JP: Unemployment Rate


Mon Jan 30 17:30:00 CST 2017

Consensus Actual Previous
Level 3.1% 3.1% 3.1%

Highlights
Japan's unemployment rate was steady at 3.1 percent in December, unchanged from the November level and in line with the consensus forecast. The unemployment rate has now been at 3.0 percent or 3.1 percent for the last seven months, dropping from levels of 3.2 percent and 3.3 percent earlier in the year.

The number of employed persons in December was up 810,000 (1.3 percent) compared with the same month last year, while the number of unemployed persons has fallen by 110,000 (5.4 percent) over this period. Japan's participation rate increased from 60.0 percent in November to 60.1 percent in December.

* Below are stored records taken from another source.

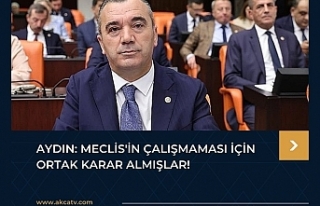 AYDIN: MECLİS'İN ÇALIŞMAMASI İÇİN ORTAK...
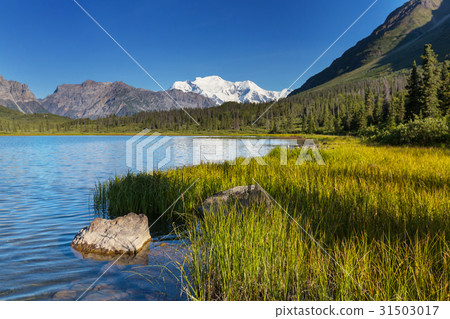 Wrangell Wrangell 31503017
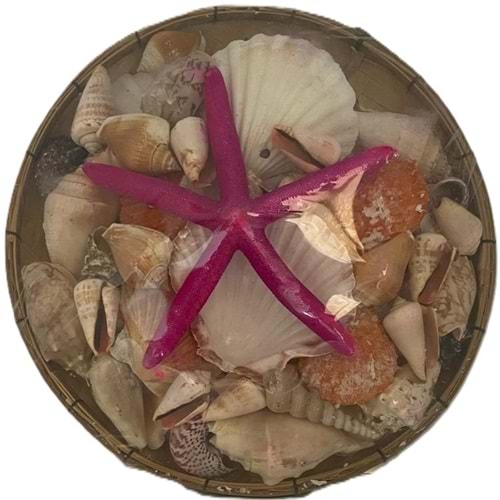 BAMBU KASEDE DENİZ KABUĞU MEGA BOY 14 İNC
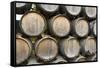 Barrels of wine, Kunde Winery, Sonoma Valley, California-Bill Bachmann-Framed Stretched Canvas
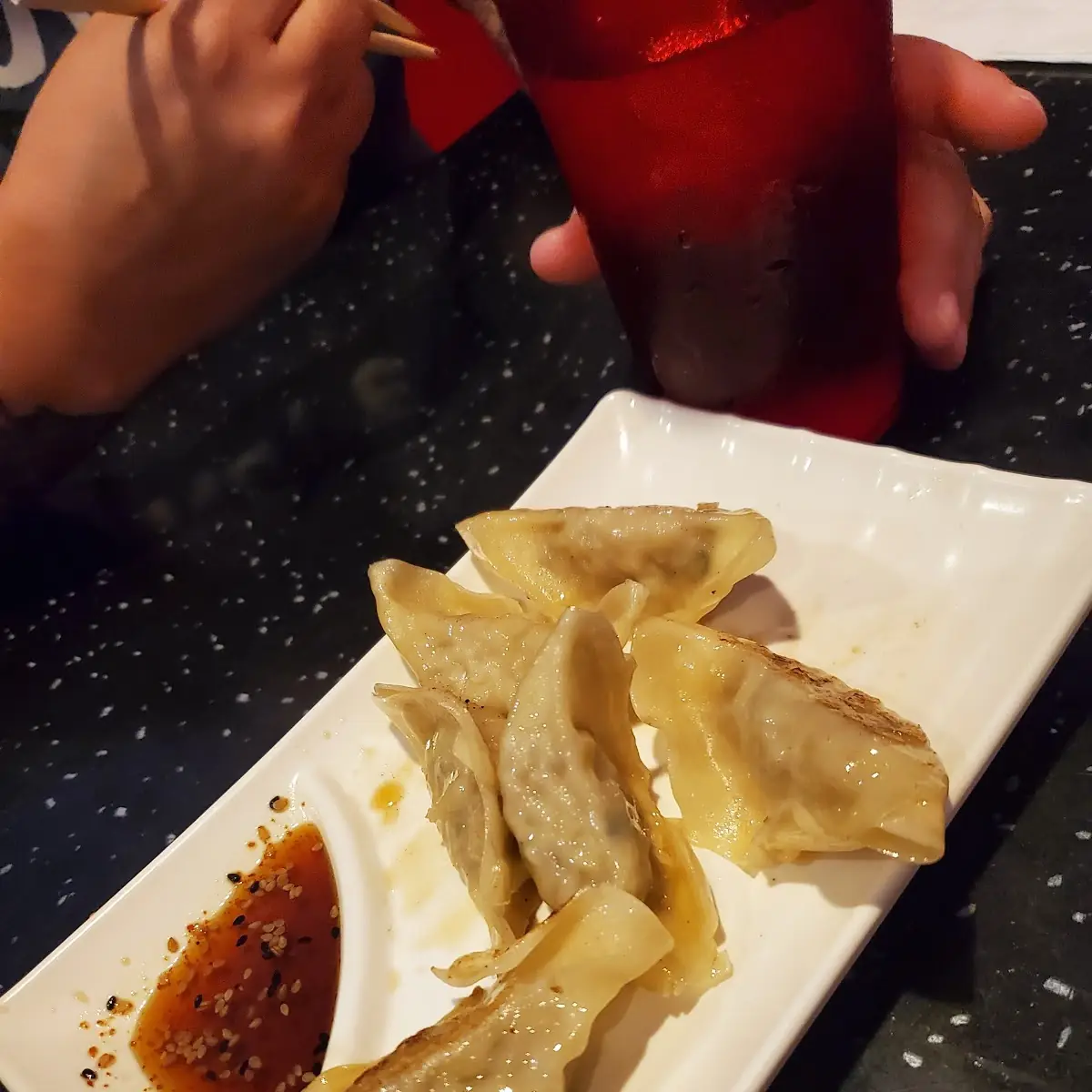 Gyoza 6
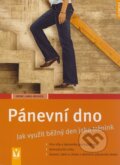 Kniha: Pánevní dno (Irene Lang-Reeves). Vašut, 2008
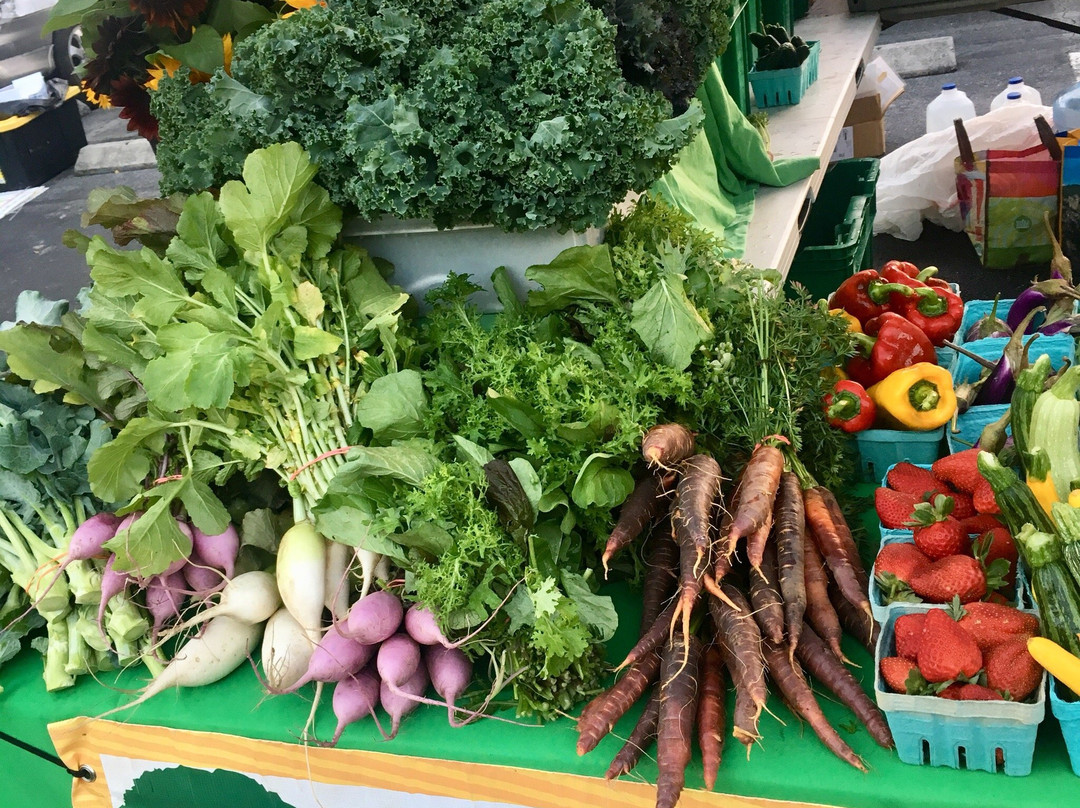 Bonita Springs Farmers Market景点图片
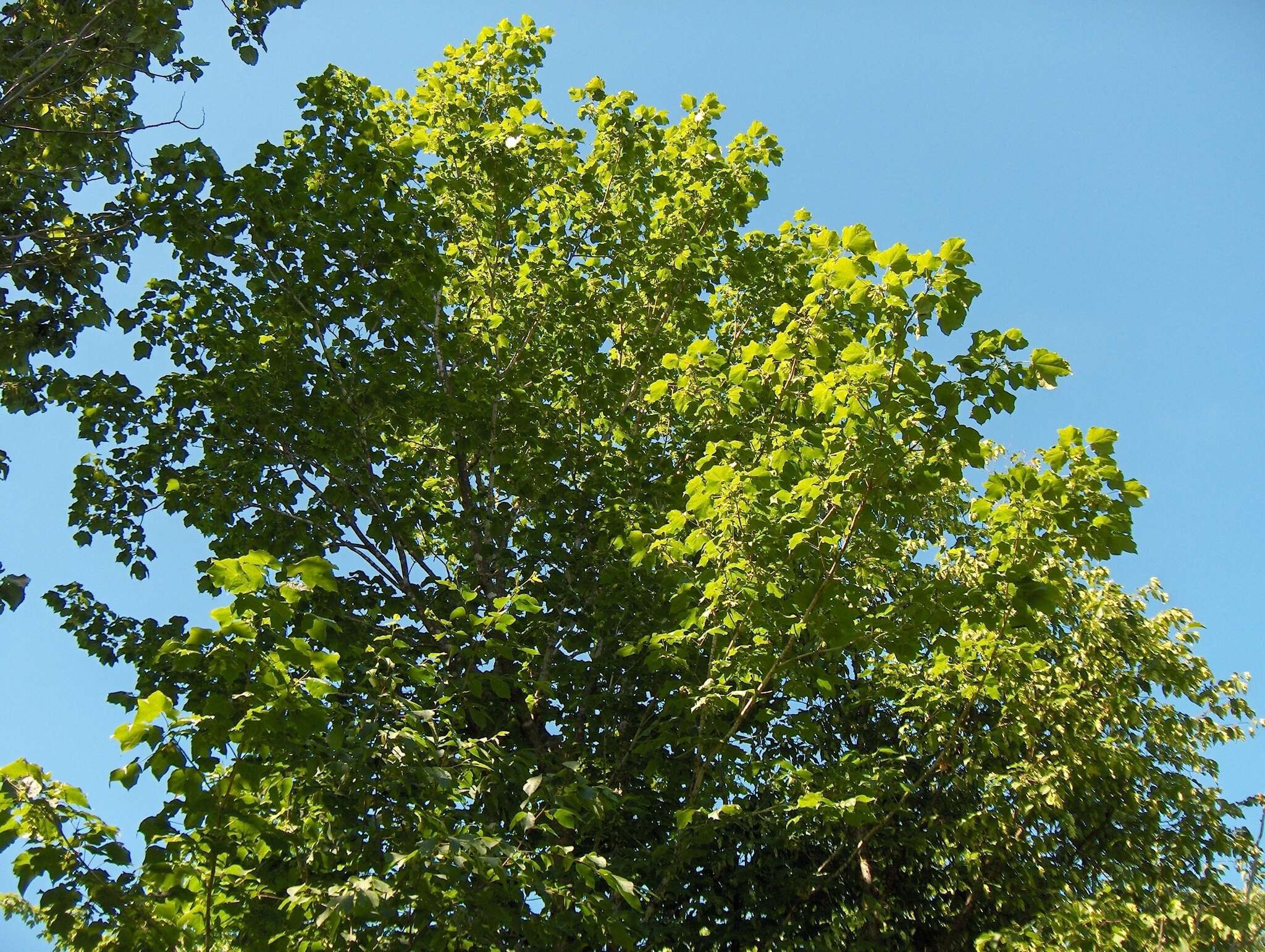 Image of Black Maple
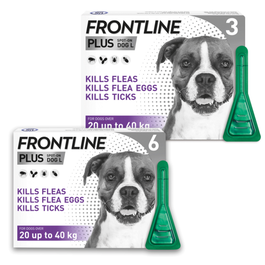 Frontline Plus® Flea & Tick Treatment For Puppies And Large Dogs 20-40Kg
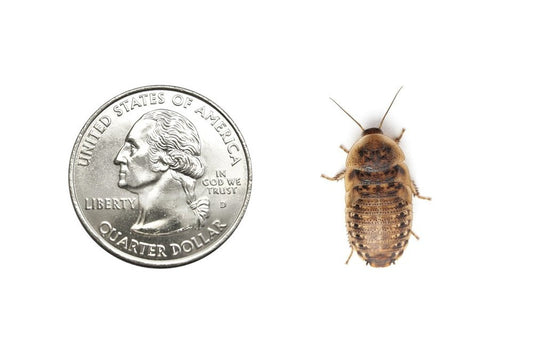 Medium 3/4" Dubia FREE SHIPPING dubia roaches DubiaRoaches.com 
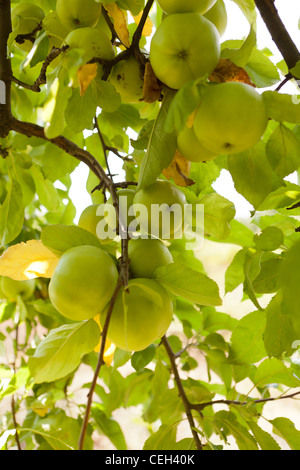 In the orchard, apples ripen on the tree branch Stock Photo - Alamy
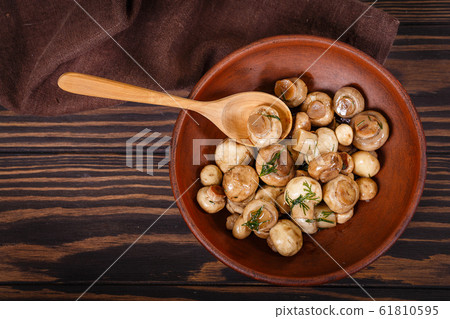 Grey cat and spruce branch 61810595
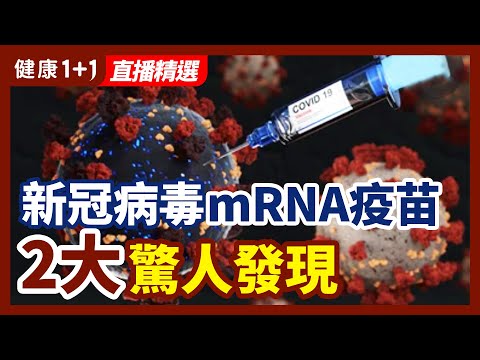 私密：[ID: NEhFe8J3iKA] Youtube Automatic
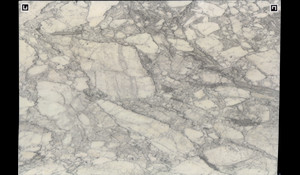 ARABESCATO CERVAIOLE Marble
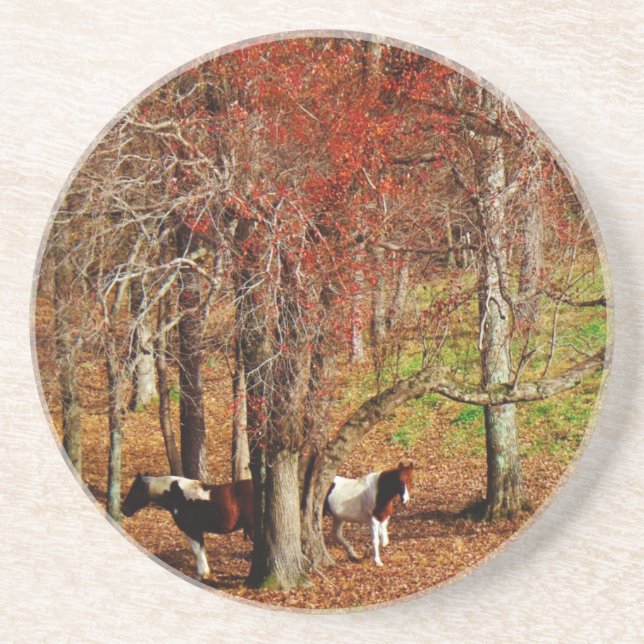 Twin Brown and White Horses Coaster (Front)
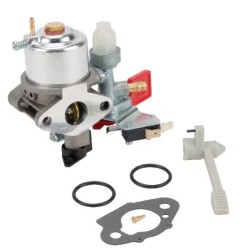 carburateur-briggs-et-stratton-595318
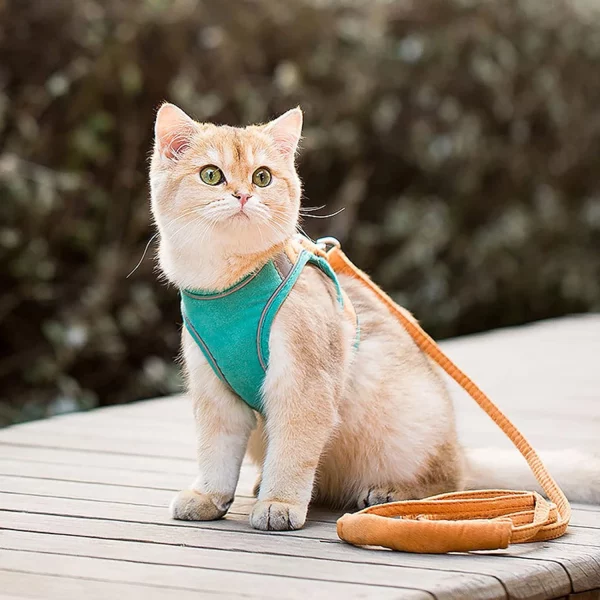 Cat wearing pink blue adjustable harness and leash set, side view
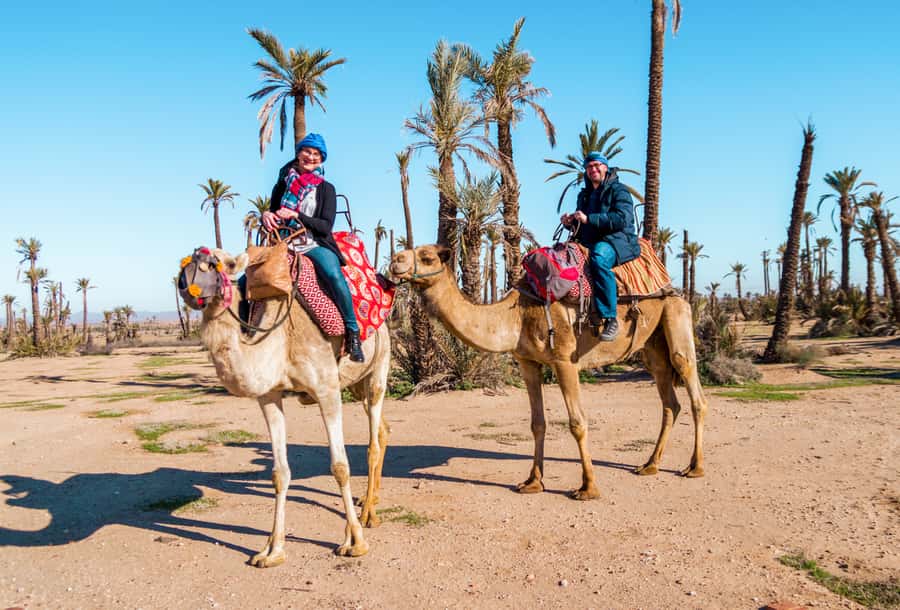 Marrakech: Half-Day Desert Quad Tour with Camel Ride - Tea, bread, honey, and a short village stop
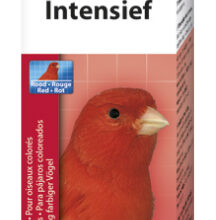 Intensief Rood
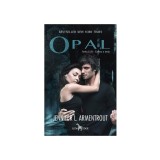 ONIX. Seria LUX, Vol.2 - Corint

Japan's labour market remains solid, with positive jobs growth, low unemployment and strong labour force participation. This is providing a boost to consumer purchasing power, with other data published today showing household real incomes rose 2.3 percent year-on-year in December. Officials at the Bank of Japan cite the labour market as one of the factors supporting their view that inflation will start to rise once the impact of lower oil prices fades.

Definition
The Unemployment Rate measures the number of unemployed as a percentage of the labor force. The unemployment rate is part of the Labour Force Survey which also includes employment data.

Description
The unemployment rate and employment change are carefully monitored. The employment data show the number employment along with the change in employment for the previous year. Monthly changes in employment also help clarify whether businesses are hiring. The unemployment rate is the percentage of the labor force that is unemployed. A lower jobless rate translates into more income earning workers and greater consumption. Increased spending is a positive for consumer oriented economic growth, something that has lagged in Japan.

By tracking the jobs data, investors can sense the degree of tightness in the job market. If wage inflation threatens, it's a good bet that interest rates will rise; bond and stock prices will fall. No doubt that the only investors in a good mood will be the ones who watched the employment report and adjusted their portfolios to anticipate these events.